Like I said, you've already won this argument. Nothing will be done to change things, and we will continue to pump massive amounts of carbon dioxide into the atmosphere. We can only wait and hope its not as bad as some scientists predict.

Lee said...

> Like I said, you've already won this argument. Nothing will be done to change things, and we will continue to pump massive amounts of carbon dioxide into the atmosphere. We can only wait and hope its not as bad as some scientists predict.

Right now, I would say we have a much better chance of dying due to complete economic and political collapse brought about by bankrupt Western governments than to global warming.

But look at the bright side. If we have a complete economic collapse, our carbon footprint is likely to diminish. Some social programs are likely to disappear, though. :(

KyCobb said...

Lee,

There will be no economic collapse since neither the US nor Europe as a whole are anywhere near bankrupt, unless incompetent politicians bring it about.

Art said...

I do wish to clarify...

I don't disbelieve in global warming.

I don't believe it either.

If I were to argue that global warming does not exist, I would be jumped on because I am not an expert.

I am not an expert, but for that same reason, I cannot believe in global warming, either. It's a two-edged sword. If I don't have the expertise to disagree, then I also don't have the expertise to agree. I have to take it on authority.

And at the moment, the authority is looking none too reliable.


LOL

So, may we assume, Lee that you take no position on the two opposing statements: water consists entirely of hydrogen and oxygen, according to the formula H2O; and water does not consist of hydrogen and oxygen?

After all, the authorities that tell us the former are all part of the atheistic cabal of proponents of scientism who would all reject the notion that there is an immaterial component apart form H and O that is part of the make-up of water. The sort of group that are on the opposite political and philosophical end of the spectrum as yourself.

KyCobb said...

Lee,

"The issue of global warming is extremely complicated, and it transcends science. Views on global warming are as much determined by political and religious biases as by science. No one comes to the table about this issue without biases."
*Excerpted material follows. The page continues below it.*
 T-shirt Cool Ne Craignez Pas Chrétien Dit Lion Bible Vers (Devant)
Were you aware that Richard Muller, a Koch funded climate change skeptic, conducted an exhaustive study to try to detect global warming bias, and that he determined that the science showing that the earth is warming is accurate? How do you account for his conclusions?

Lee said...

He could be correct, or he could be mistaken.

Lee said...

> So, may we assume, Lee that you take no position on the two opposing statements: water consists entirely of hydrogen and oxygen, according to the formula H2O; and water does not consist of hydrogen and oxygen?

So it's that simple, is it Art?

If it is, why waste billions of dollars researching it?

KyCobb said...

Lee,

"He could be correct, or he could be mistaken."
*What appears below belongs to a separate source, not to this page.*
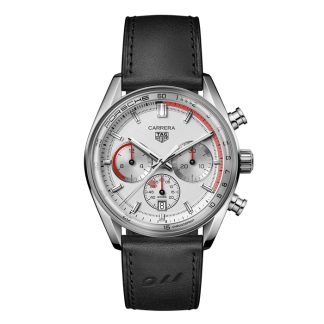 TAG Heuer Montre Homme Carrera Chronosprint X Porsche Special Edition 42mm Argent CBS2011.FC6529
Its a fascinating contrast. You want to ban same-sex marriage because of potential bad consequences you can't even imagine, but when even a top global warming skeptic becomes convinced based on exhaustive research that the earth is warming, you just shrug your shoulders. Facts really don't matter to you at all, do they?

Lee said...

> Facts really don't matter to you at all, do they?
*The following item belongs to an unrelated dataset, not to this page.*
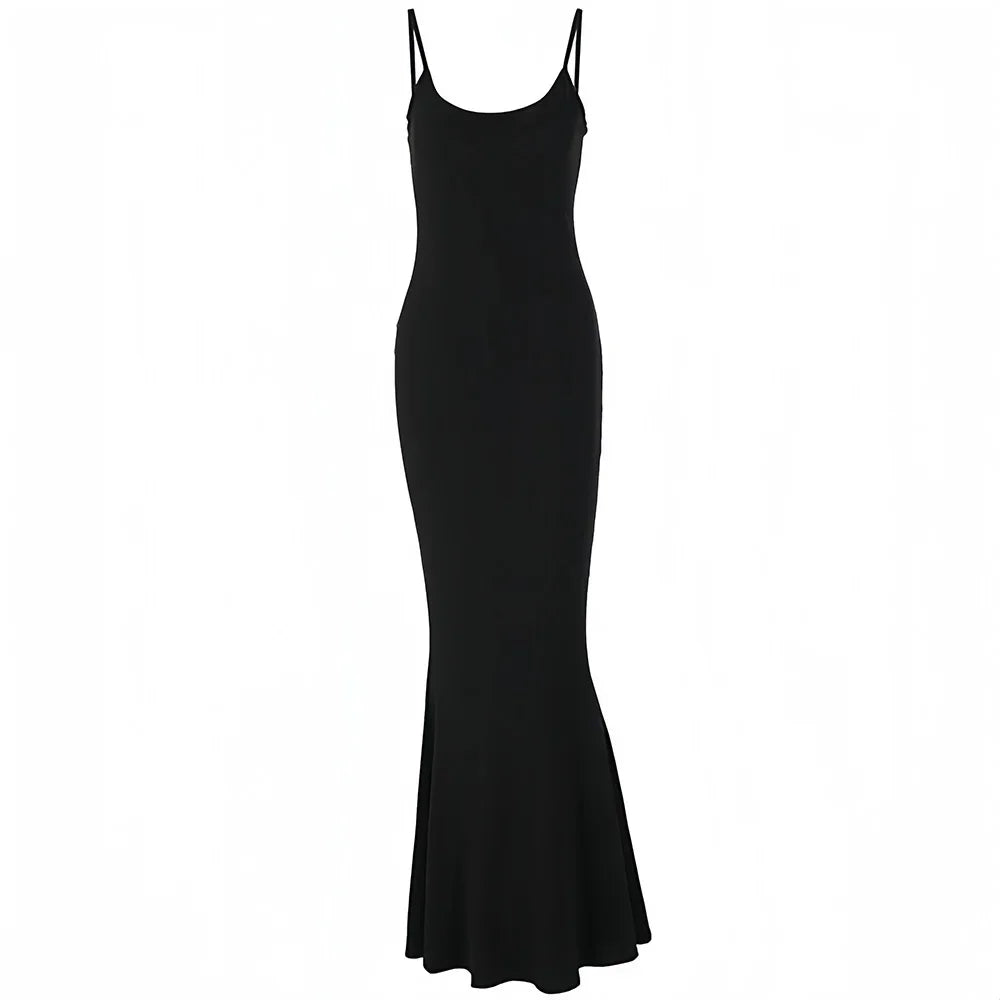 Sleeveless Backless Bodycon Maxi Dress – Summer Elegant Outfit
We've been over this. Facts so matter. The question is, what are the facts?

There are two methods I have to understand the issues:

1. Drop whatever I'm doing now and enroll in a physics Ph.D. program, get a post-doc, and maybe in fifteen years I'll qualify as an expert in the subject. And that's if I'm capable of being a physicist at all. Probably could have done so once upon a time, but in fifteen years I'll be 73 if I'm still consuming oxygen.

2. Rely on the experts to keep me informed -- that is, take it on authority.

If I remember correctly, you, KyCobb, are a lawyer. I don't think you're qualified to be considered a primary source.

Maybe Art is, but he's too interested in ad hominem attacks to bother explaining his credentials on the subject.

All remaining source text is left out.